Question 7. The shortest distance between two lines is zero if and only if the lines are:

(A) Intersecting.

(B) Coincident.

(C) Coplanar.

(D) Parallel and distinct.

Question 8. Consider the distance of the point $(1,2,3)$ from the plane $z=0$. Which of the following are true?

(A) The plane is the xy-plane.

(B) The normal vector to the plane is $\hat{k}$.

(C) The equation of the plane is $0x + 0y + 1z - 0 = 0$, i.e., $z=0$. Using $z-0=0$ form, $A=0, B=0, C=1, D=0$.

(D) The distance is $\frac{|0(1) + 0(2) + 1(3) - 0|}{\sqrt{0^2+0^2+1^2}} = \frac{3}{1} = 3$.

Question 9. The lines $\vec{r} = \hat{i} + \lambda (\hat{j})$ and $\vec{r} = 2\hat{i} + \mu (\hat{j})$ are parallel. Which of the following are true about the shortest distance between them?

(A) $\vec{a}_1 = \hat{i}, \vec{a}_2 = 2\hat{i}, \vec{b} = \hat{j}$.

(B) $\vec{a}_2 - \vec{a}_1 = \hat{i}$.

(C) $(\vec{a}_2 - \vec{a}_1) \times \vec{b} = \hat{i} \times \hat{j} = \hat{k}$.

(D) Distance is $\frac{|\hat{k}|}{|\hat{j}|} = \frac{1}{1} = 1$.

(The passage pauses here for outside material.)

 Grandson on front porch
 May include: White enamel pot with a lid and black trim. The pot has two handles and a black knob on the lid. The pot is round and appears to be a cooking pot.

Question 10. The shortest distance between the planes $x+y+z=1$ and $x+y+z=5$ is:

(A) The planes are parallel.

(B) Normal vector is $\hat{i} + \hat{j} + \hat{k}$.

(C) Distance is $\frac{|5-1|}{\sqrt{1^2+1^2+1^2}} = \frac{4}{\sqrt{3}}$.

(D) $\frac{4}{\sqrt{3}}$.

Question 11. If two lines intersect, their shortest distance is:

(A) 0

(B) The lines are coplanar.

(C) The scalar triple product $(\vec{a}_2 - \vec{a}_1) \cdot (\vec{b}_1 \times \vec{b}_2) = 0$.

(D) The cross product $\vec{b}_1 \times \vec{b}_2 \neq \vec{0}$.